For many people it is hard to imagine a time when Mexico was a place of pilgrimage for an American president who went there to both apologize for the US treatment of that country in the past, but also to initiate a Good Neighbor Policy that would affirm his belief that the destinies of the two nations were intertwined. But when Harry Truman laid a wreath at the Mexico City memorial of the Niños Heroes, or Boy Heroes of the US-Mexican War, he was following in the footsteps of another president, Abraham Lincoln, who stood up as a Congressman in Illinois to protest the “unnecessary and unconstitutional” invasion of that country at the orders of James K. Polk. He accused Polk of lying and of creating a pretext for the preemptory invasion. As a result of that war, the US acquired two-fifths of Mexican territory including the states of California, Utah, Arizona and Nevada, as well as parts of present-day Kansas, New Mexico, Colorado and Wyoming.
As a result of Lincoln’s courageous stance in Congress, he was castigated in the press, called “spotty Lincoln” by his critics, and abandoned by his party and by his supporters. He was accused of giving aid and comfort to the enemy. He lost an election to the Senate and was even turned down for an appointment as postmaster. It seemed like his political career was over. Although many US historians have advanced the theory that Lincoln spoke against the war for political reasons, his subsequent speeches disprove that theory as do his letters to his law partner, William Herndon. He railed against the war a second time a month after his famous “spot resolutions” over objections of the younger members of his party, and even voted for an amendment condemning the war which was tacked on to a resolution honoring war hero Zachary Taylor, who would become the next president.
When Lincoln finally became president himself as a compromise candidate, one would think he had enough on his plate with the South about to succeed and with a fratricidal war on the horizon. Yet he made time even then to meet with the Mexican Ambassador Matías Romero, who visited him at his home in Springfield shortly after the election. Lincoln wrote Romero a letter reassuring him and the new president of Mexico, Benito Juárez, of his support of the Mexican people and their republic.
By 1863 the US was fully engaged in the Civil War: the Battle of Gettysburg was in full swing, and France had invaded Mexico and set up the puppet emperor, Maximilian. As both Austrian and French troops occupied Mexico, Lincoln—careful not to burn bridges with France lest they unite with the Confederacy—soft-pedaled his aid to the Mexican government in exile. He had his advisers confer secretly with Romero (now without credentials since President Juárez was in El Paso), and even met with him personally on several occasions. Mary Todd Lincoln and Romero went on shopping trips together and had intimate conversations. Romero used the Lincoln letter of friendship to approach banks in New York, Boston, Philadelphia, and San Francisco to solicit investors to buy a Mexican bond issue. He was able to raise over $18 million.

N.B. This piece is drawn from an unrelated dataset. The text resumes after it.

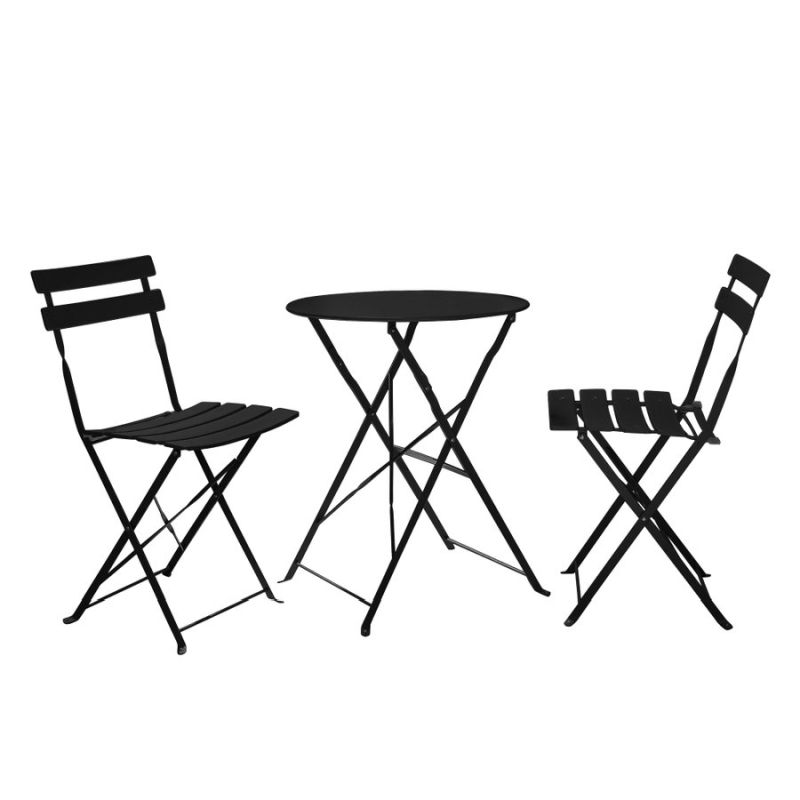 Záhradný set 1+2, oceľ čierna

As the war came to an end in the east, he was able to circumvent Secretary of State Henry Seward’s cautious approach and help persuade Lincoln to order General Grant to move over 50,000 troops under the command of General Sheridan to the Texas border, including thousands of “colored troops” (as the African-American soldiers were known at the time). The goal was to help Mexicans at the end of the US Civil War to drive out the French. Sheridan purposely “lost” 30,000 repeating rifles on the border where the Juárez army could find them. Although Lincoln would be assassinated shortly after the surrender of Appomattox, his generals continued to help Mexico. They encouraged the recently-discharged troops to form the American Legion of Honor which would fight side by side with the Mexicans, helping rid the country of the last remnants of European occupation.

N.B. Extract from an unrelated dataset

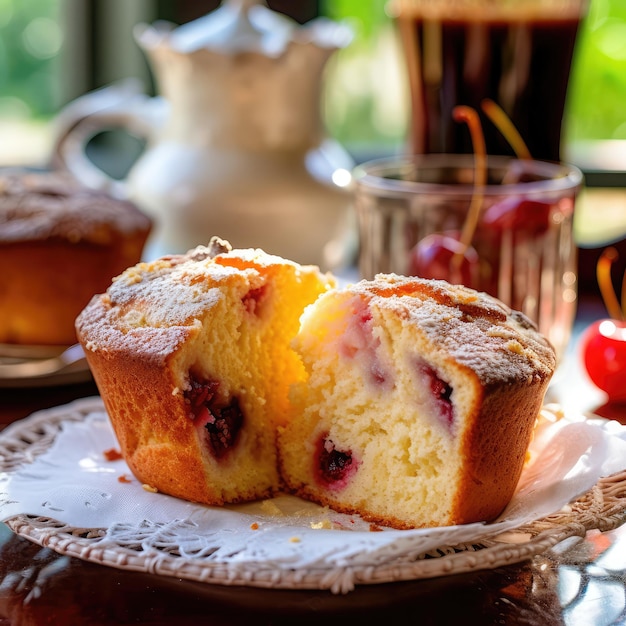 Un plato de muffins al que le falta un trozo.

In 1947, Harry Truman, a Democrat, came to Mexico to reaffirm what a Republican president, Abraham Lincoln, had affirmed throughout his career: the Mexican people are not only our neighbors but the entire southwestern US was formerly their territory. Mexico and the US share today a vast territory in North America and neither side can afford animosity or discord. Americans were the first illegal immigrants to their country, violating their laws, fomenting revolt, and later with our army violating their sovereign territory. It is well to remember that when we are tempted to react with frustration or impatience.

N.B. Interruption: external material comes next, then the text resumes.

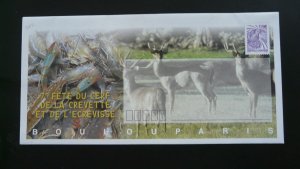 deer, shrimp and crayfish food festival postal stationery New Caledonia 2002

Our later history under Lincoln made us allies, helping to rid Mexico (and us) of an unwelcomed foreign power in this hemisphere. As an American historian, living and teaching in Mexico, it is my hope that this re-visioning of our mutual histories in Abraham Lincoln and Mexico might quiet the polemics raging in the US since the recent election, and let us hear the quieter voices which speak to us from the past about how we might be “good neighbors” once again.